So that’s where the Nationals actually lead and trail the entire league. They’re first in runs scored (or they were yesterday), and they’re last in pitcher WAR by a whole lot. Let’s go to the graphs! The graph below shows each team’s pitcher WAR, prorated to a 162-game season, along with their runs per game, normalized to that year’s league average.

The correlation here isn’t quite as strong, likely because runs scored isn’t as accurate a measure of offensive skill. It’s not park adjusted, and it can rely on sequencing luck. The correlation coefficient is .32, and if we go all the way back to 1961, it drops to .23. All the same, let me show you where the Nationals appear on that graph of the entire expansion era.

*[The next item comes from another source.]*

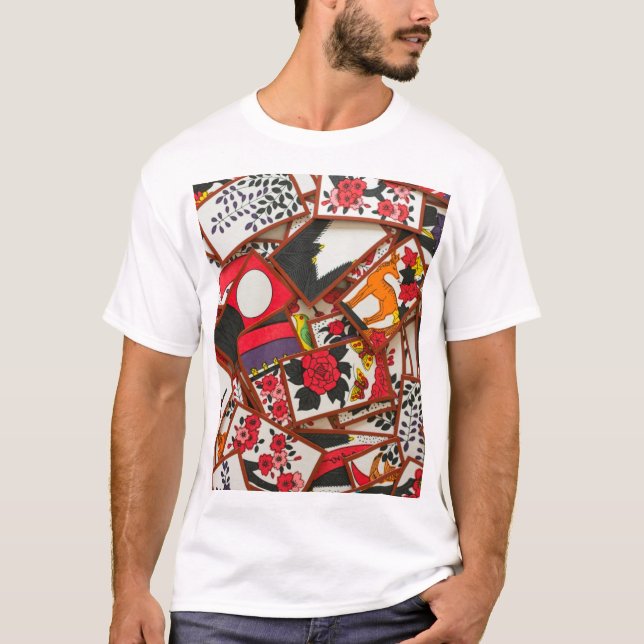 Japanese Playing Cards Illustration (Various) T-Shirt (Front)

They’re the red dot on the bottom right, and they are the second-most extreme team on this entire graph. The Nationals’ pitching staff ranks fourth from the bottom in WAR, while their offense ranks 30th in runs. Who’s more extreme? The Dodgers, of course. Not this year’s Dodgers, though. This year’s Dodgers are way off near the top right corner in light blue. They’re really, really good. The Nationals find themselves in the company of the 2003 Dodgers, all the way on the top left, who were almost their complete opposite. Those 2003 Dodgers rank eighth from the top in pitching thanks to big years from Kevin Brown, Hideo Nomo, and peak Eric Gagne. Their offense ranks fourth from the bottom in runs, which will happen when you somehow give more than a thousand combined plate appearances to Alex Cora (66 wRC+) and César Izturis (56). Of the six players who led those Dodgers in plate appearances, only one, Shawn Green, put up a wRC+ above 92.

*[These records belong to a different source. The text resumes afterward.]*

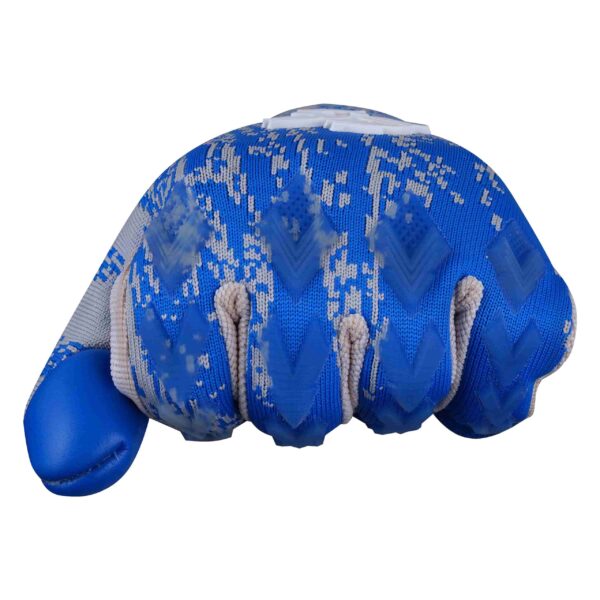 Rhombus Blue Soccer Goalkeeper Gloves in Bulk rhombus blue soccer goalkeeper gloves Punch with high-grip latex palm, durable cushioning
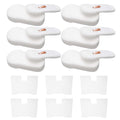 HZ2002 Filter for Shark HZ752 HZ2000 HZ251 HZ600 HZ600C HZ602 UV580 HZ700 HZ702 HZ251 HS152AMZ Vertex UltraLight DuoClean PowerFins Cable Stick Vacuum - Part XFFF HZZZ20 0 00 XPMFHZ2000 - 6 Pack
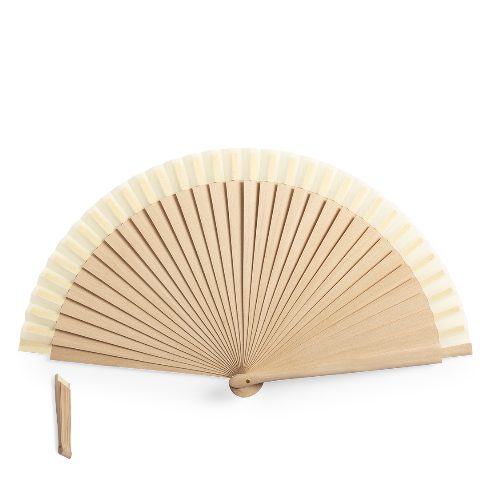 Leque com varetas de madeira Dubert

Now just to be clear, I designed this graph specifically to highlight the ways that the Nationals stand out the most this season. They are extreme, but I had to cherrypick these exact stats to make them one of the most asymmetrical teams we’ve ever seen. If we were to plop them onto the earlier graphs, the one that plotted wRC+ against ERA- and the one that plotted position player WAR against xFIP, they’d be out near the corner, but they wouldn’t have it all to themselves like they do on this graph. So the Nationals are definitely one of the more asymmetrical teams we’ve seen in the expansion era, but they’re not in danger of breaking any records. (That was not the case in the second week of April, when Matt Martell wrote that the Nats had the worst pitching staff since 1974 — as far back as our data would go — through a team’s first 12 games.)
Moreover, there’s no guarantee that they’ll keep going this way. In fact, I’m pretty sure they won’t end up this asymmetrical. Both selling at the deadline and going for it at the deadline are at least conceivable for the Nationals this season, and either path would make them more balanced. If they should continue bucking the projections and end up with a fighting chance at a Wild Card spot, maybe they’ll decide to add. They will obviously be focused on improving their pitching. And the good news when you have a staff this bad is that any upgrade at all is going to be a huge upgrade. Honestly, the Nationals are so bad on the mound that it would be hard to find many pitchers who would make them worse.
On the other hand, this is the first year of the Paul Toboni era, and he’s got a lot of work ahead of him to put this franchise in a better place. Toboni came to Washington because of his experience in player development, and it’s hard to imagine that he’d deplete an already-iffy farm system this early in the game. He’s here to build this team back into a consistent competitor, and that usually involves some short-term pain. And if he’s not going for it this season, then he may well decide to sell, and if he’s selling, pretty much the only thing he has to sell is offense. And even if the Nationals neither buy nor sell at the deadline, they’ll still probably balance out at least a little bit due to simple regression to the mean. Enjoy the asymmetry while you can.